61. Последующий год [470 г.], год консульства Луция Валерия и Тита Эмилия, был более бурным как вследствие борьбы сословий из-за аграрного законопроекта, так и вследствие суда над Аппием Клавдием. Этот самый ожесточенный противник законопроекта, поддерживавший дело владельцев общественного поля, точно третий консул, был привлечен к суду Марком Дуиллием и Гнеем Сикцием. Никогда до того не был привлекаем к народному суду обвиняемый, столь ненавистный плебеям, накопившим злобу и против него, и против его отца. Но и патриции едва ли выступали так усердно в защиту кого-нибудь другого: предавался ведь раздраженным плебеям, думали они, борец за сенат и защитник его достоинства, стоявший против всех мятежей, поднимавшихся и трибунами, и плебеями, только перешедший меру в борьбе.

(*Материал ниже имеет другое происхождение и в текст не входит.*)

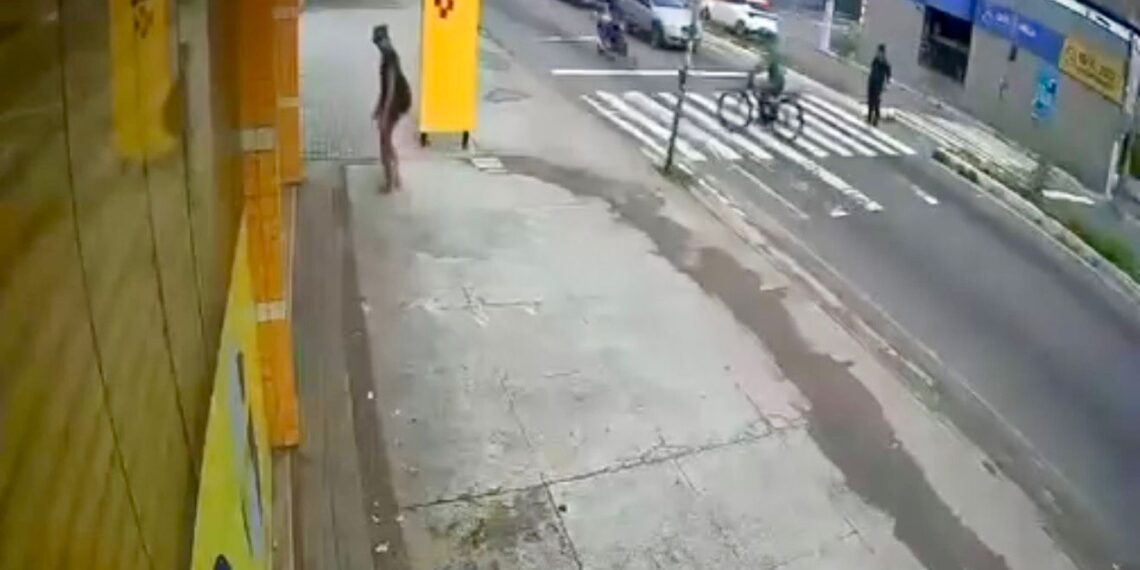 [Vídeo] Motociclista não para e atinge ciclista em faixa de pedestre na Zona Norte de Natal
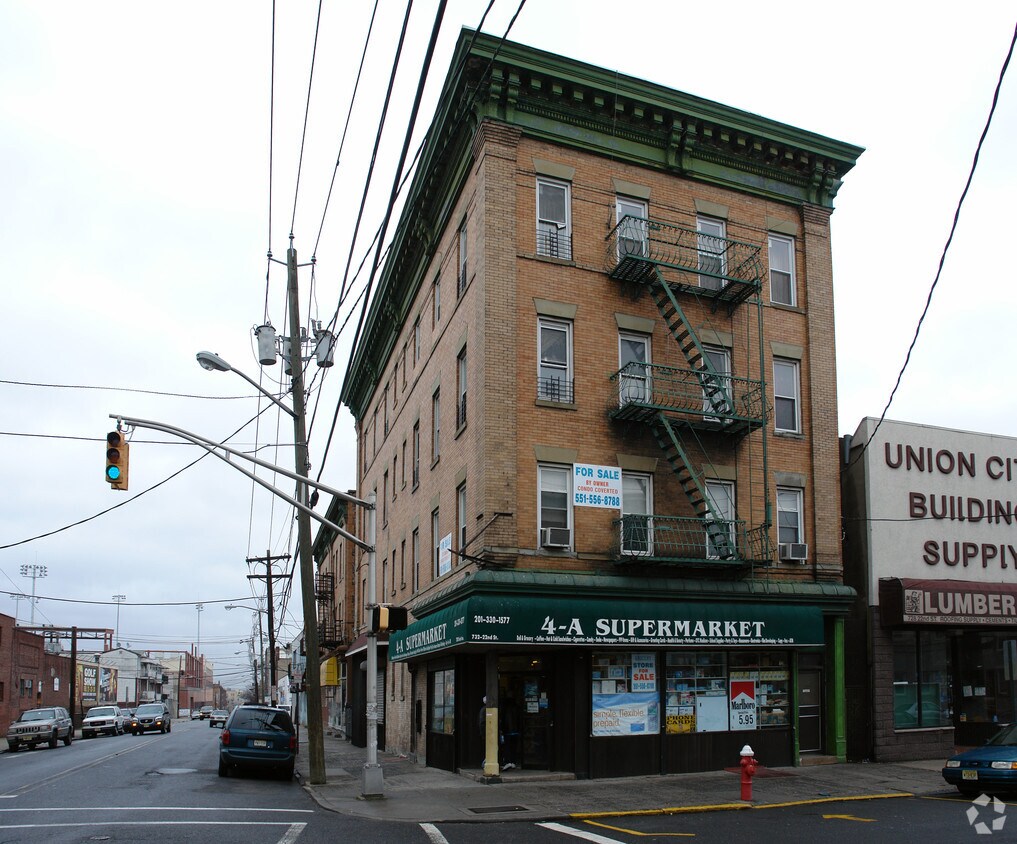 Building Photo - 2200 Summit Ave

Сам Аппий Клавдий единственный из сенаторов ни во что не ставил ни трибунов, ни плебеев, ни суд над собою. Ни угрозы плебеев, ни мольбы сената ни на минуту не могли его склонить не только переменить одежду и просьбами заискивать расположения плебеев, но даже смягчить или убавить хоть сколько-нибудь обычную резкость речи, когда пришлось вести свое дело перед народом. То же выражение лица, то же презрение во взоре, тот же тон речи, так что большая часть плебеев так же боялась Аппия-подсудимого, как боялась Аппия-консула. Он сказал одну только речь в обычном своем обвинительном тоне, и до того поразил своей твердостью и трибунов, и плебеев, что они добровольно отсрочили дело, а потом позволили затянуть его. Между тем прошло немного времени; но прежде чем наступил назначенный срок, он заболел и умер. Когда трибуны попытались помешать произнесению над ним похвального слова, то плебеи не пожелали лишить погребения такого великого мужа обычной почести, и, явившись в большом числе на похороны, столь же спокойно выслушали хвалы умершему, как слушали обвинения против живого.